When I was the CEO of Novo Nordisk, we closely monitored and benchmarked European life science clusters on a range of parameters on an ongoing basis to evaluate competitiveness.

In 2016, Novo Nordisk asked KPMG in Switzerland to have a look at what the picture would look like among the various potential contending cities, and the results were quite clear.

Wonderful, wonderful Copenhagen

Denmark has one of the most robust life sciences clusters in Europe, with over 140 life sciences companies and 193 products in development phases (ranking 2nd in Europe).

Additionally, the Danish government has committed to expanding the capacity of the Danish Medicines Agency, building on an agency which is already held in high regard.
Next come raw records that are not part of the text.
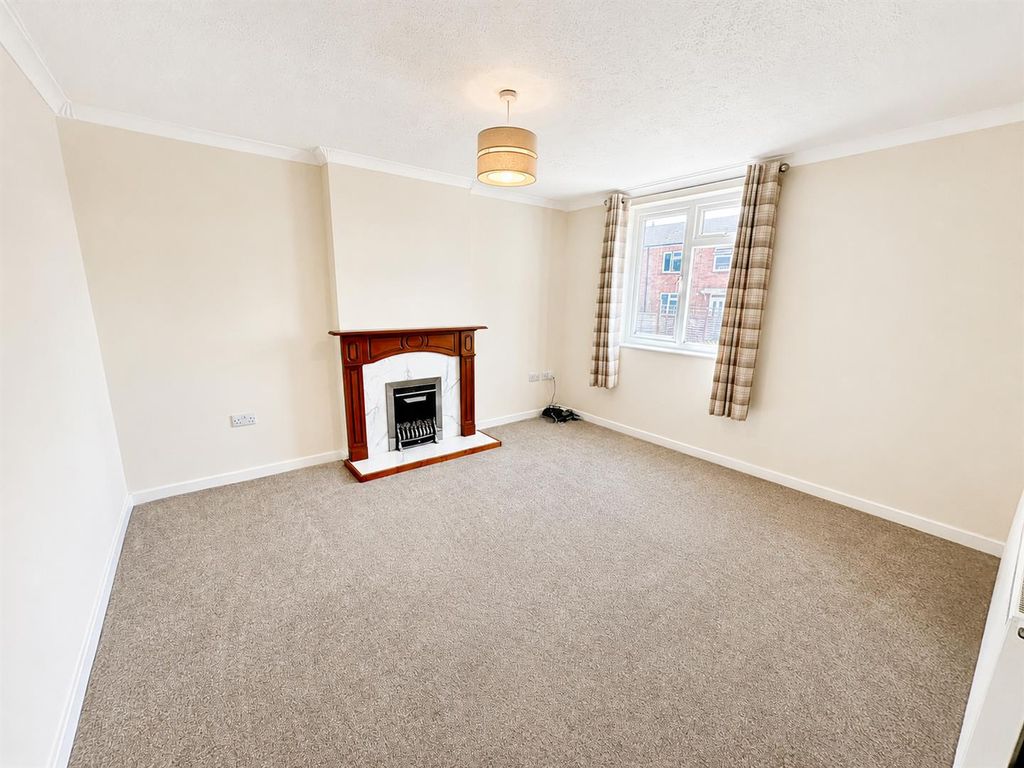 Property photo 3 of 24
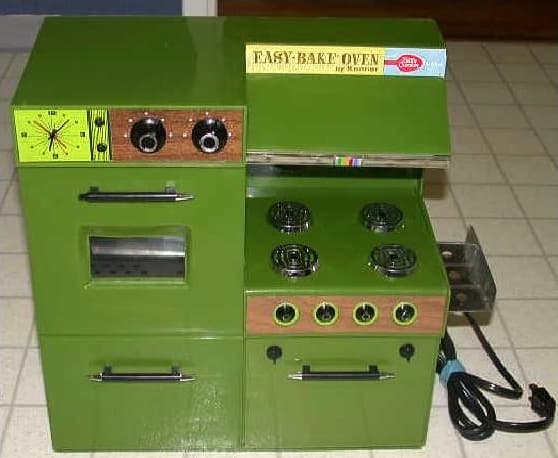 Classic Kenner Easy-Bake Oven, premier model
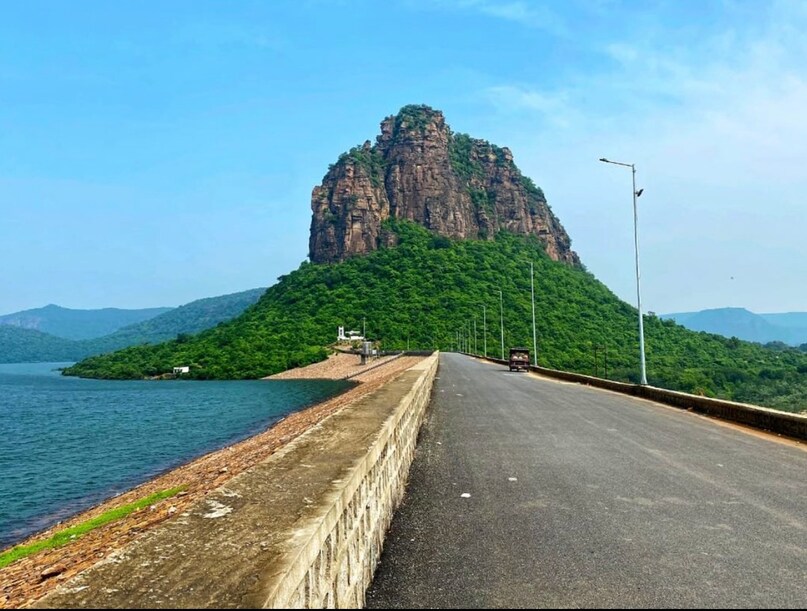 करमचट डैम के किनारे प्राकृतिक सुंदरता और रोमांच का अनुभव.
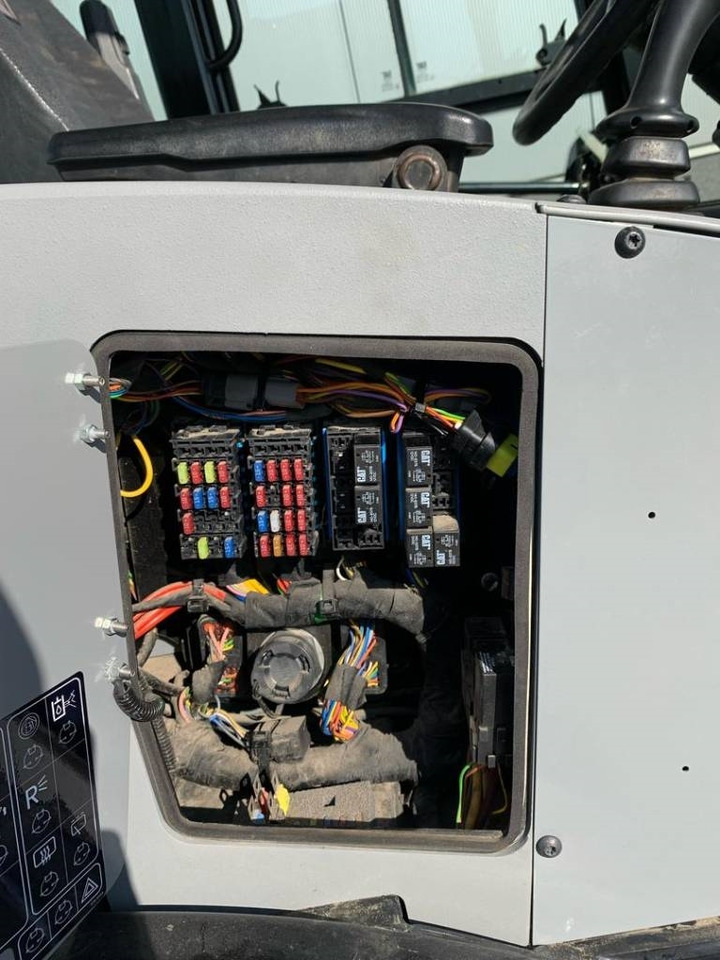 轮式装载机 CAT 906:图16 轮式装载机 CAT 906:图16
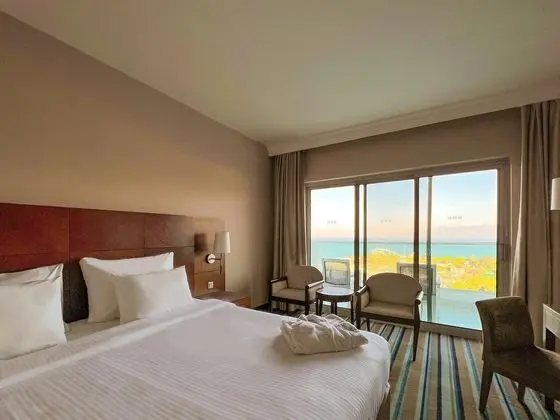 https://images.etstur.com/files/images/hotelImages/TR/55109/l/Pine-Bay-Holiday-Resort-Hotel-Oda-347389.jpg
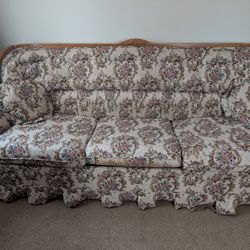 3 Seater Couch / Fouton With Full Size Pull Out Bed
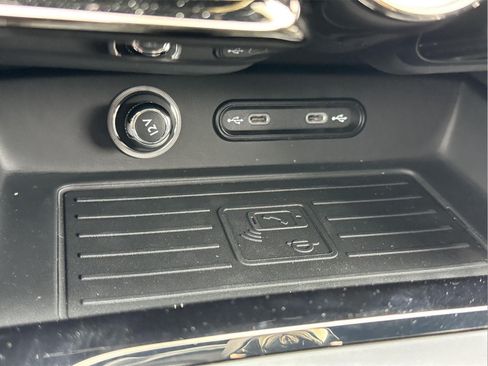 New 2026 Bentley Flying Spur V8 AWD/4WD image 42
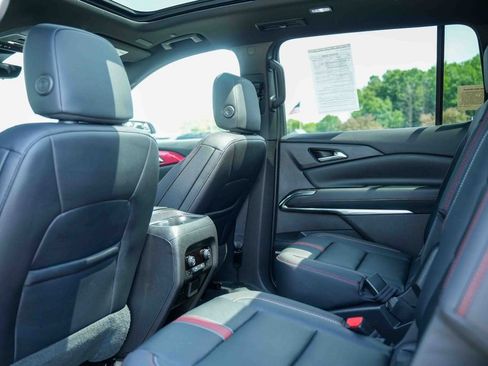Used 2026 Chevrolet Traverse RS AWD/4WD image 24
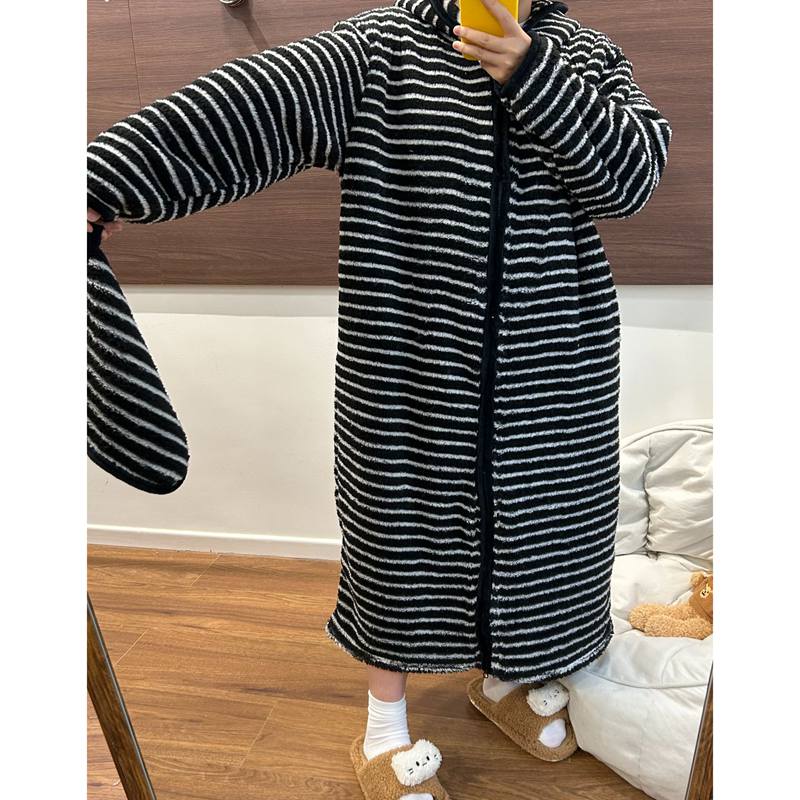 Women's Striped Fleece Hooded Robe, Thickened Warm Flannel Coral Velvet Loungewear Pajama Sets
This will be important to secure that Denmark takes its share of the capacity gap, which will arise from the departure of the UK.

Furthermore, the University of Copenhagen has a centre of regulatory science – the only one in Europe – which includes regulators, academia, industry and patients, ensuring an ecosystem of regulatory science in close proximity to the agency.

When benchmarking the size of the local scientific and research community, Sweden, the Netherlands and Denmark are in the lead, but in scientific co-publications per capita, Denmark clearly outperforms the rest.

Add to this that Copenhagen ranks as the most efficiently managed city. It has a very well-connected airport that is only 15 minutes away from the city and has even recently launched significant expansion plans.

Naturally, a city like Paris has more hotel capacity, and several airports, but Copenhagen’s infrastructure would more than meet the needs of EMA – and although hotel capacity is already more than sufficient, it is rapidly expanding.

High quality of life

For the families who would have to move to Copenhagen, I can guarantee a high degree of quality of life.

Copenhagen ranks very high in a number of other relevant areas, including access to growth opportunities, number of international schools including a European school, work-life balance, and gender equality.

We will gladly share the Danish “hygge”, meaning a feeling of cosiness, with the EMA employees who are more than welcome in Copenhagen.

When putting it all together, the number of potential homes for EMA is actually quite small. Three, or maybe four cities in Europe live up to the specific requirements. That is why the decision needs to be swift and based on objective criteria.

Although any decision on the relocation of an EU agency will be political, the decision on EMA is too important to end up in a political game.

Hopefully the EU will reach a conclusion to ensure that Europe can continue to set the international standard in terms of a well-functioning and highly skilled scientific agency for the benefit of all.

Lars Rebien Soerensen is the special envoy of the Danish campaign to bring EMA to Copenhagen.